# LoadPerf Error



## rexgrant (Mar 2, 2006)

Hi all.
You go on for a few months sorting out the problems your PC throws at you,My 75years young
friend swears that there are little people that live in his PC.Well heres one I need help with. Both myself & google have been unable to sort this one out. I was having problems with files not unloading from the registry This was sorted with Win.User Hive Cleanup service, but the loadperf error it says that it is failing to unload the performance counter strings. I have failed to find a cure.Does anyone know what the problem may be.I have also had a few disk warnings and another warning refering to disk errors and suggest I may have to replace my HD "C" If you have anyany Ideas I would very much appreciate your help
Best regards
Rex 

Hi again
It is looking like a 3012 error corrupt file in the registry, it looks like another disk format and win install.then load and check all programs as I load. I should be used to this but it is always a pain.I have a few things to do before the format so I will keep my fingers crosed that someone may come up with the answer.
Regards 
Rex


----------



## rexgrant (Mar 2, 2006)

rexgrant said:


> Hi all.
> You go on for a few months sorting out the problems your PC throws at you,My 75years young
> friend swears that there are little people that live in his PC.Well heres one I need help with. Both myself & google have been unable to sort this one out. I was having problems with files not unloading from the registry This was sorted with Win.User Hive Cleanup service, but the loadperf error it says that it is failing to unload the performance counter strings.
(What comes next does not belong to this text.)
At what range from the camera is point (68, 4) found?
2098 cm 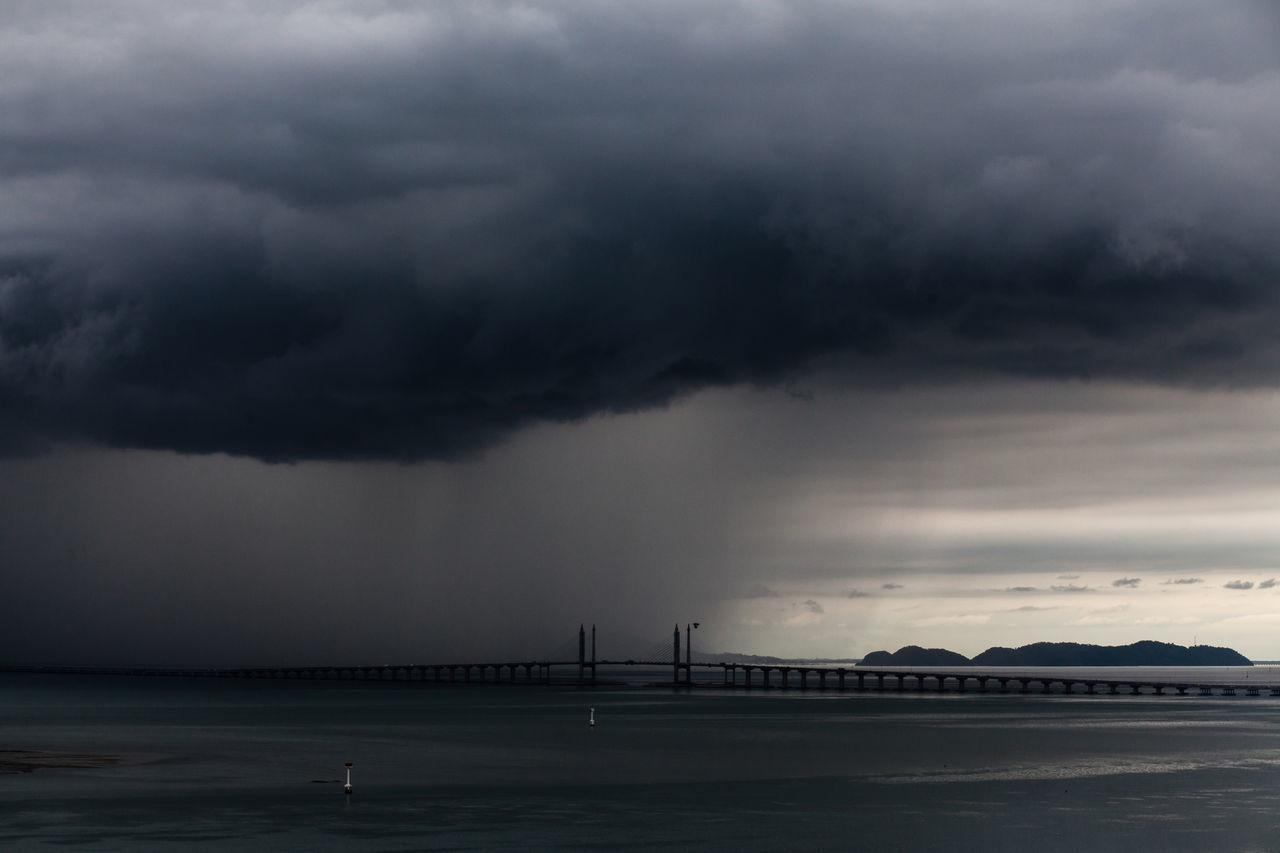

I have failed to find a cure.Does anyone know what the problem may be.I have also had a few disk warnings and another warning refering to disk errors and suggest I may have to replace my HD "C" If you have anyany Ideas I would very much appreciate your help
> Best regards
> ...


Hi again
Well I have finaly sorted it.It was my WD Raptor I had running "c".
I removed the raptor and set up my WD Caviar on No1 Sata and formated and installed
windows ((BINGO)) no errors The pc is flying, My 3D mark as shot up to 11790 on a slower disk,all settings @stock.
All the Best
Rex


----------